Your answer must restate the listing below word for word and contain no images.

.....

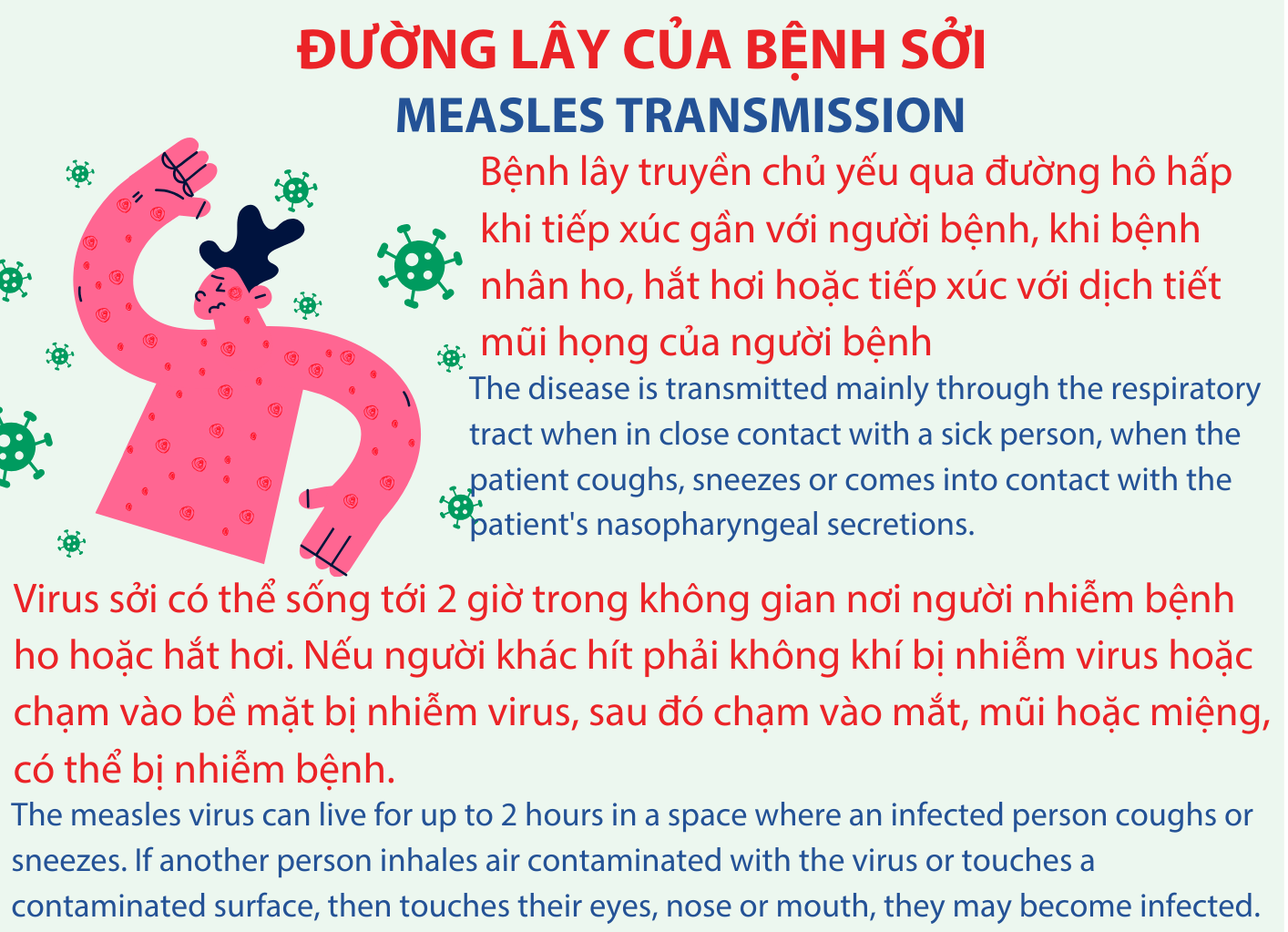 benh soi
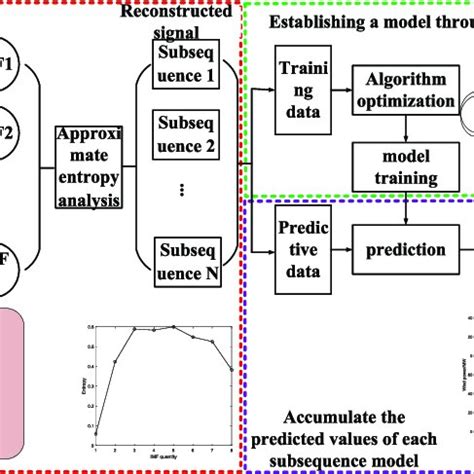 Image result for Lstm Flow Chart in Deep Learning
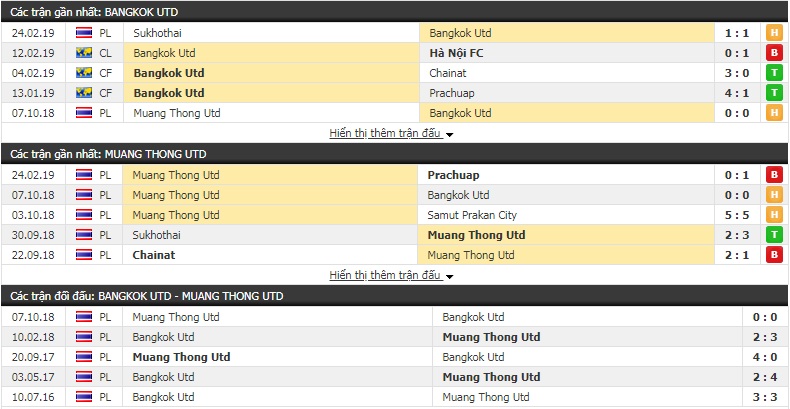 Nhận định Bangkok Utd vs Muang Thong 19h00, 02/03 (vòng 2 giải VĐQG Thái Lan)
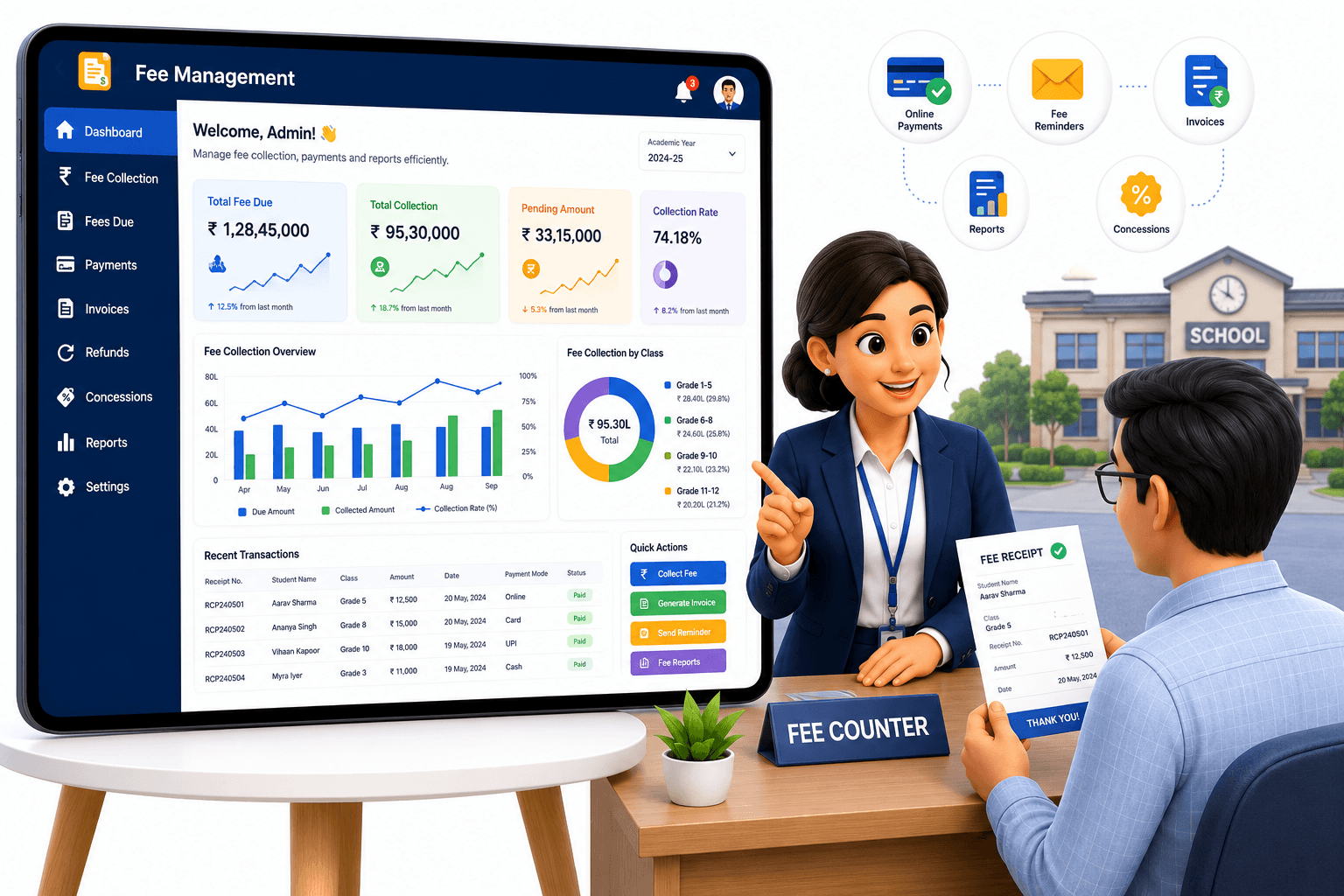 Fee Management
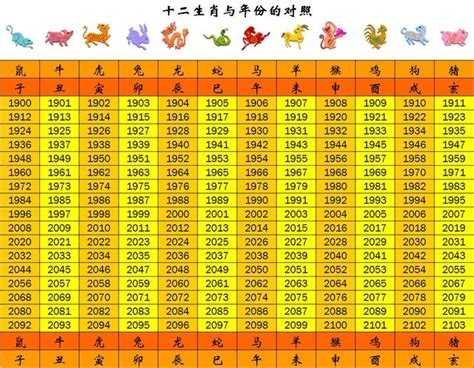 12生肖順序|12生肖對照表最完整版本！告訴你生肖紀年：出生年份。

.....

Response to this task:
 benh soi
 Image result for Lstm Flow Chart in Deep Learning
 Nhận định Bangkok Utd vs Muang Thong 19h00, 02/03 (vòng 2 giải VĐQG Thái Lan)
 Fee Management
 12生肖順序|12生肖對照表最完整版本！告訴你生肖紀年：出生年份。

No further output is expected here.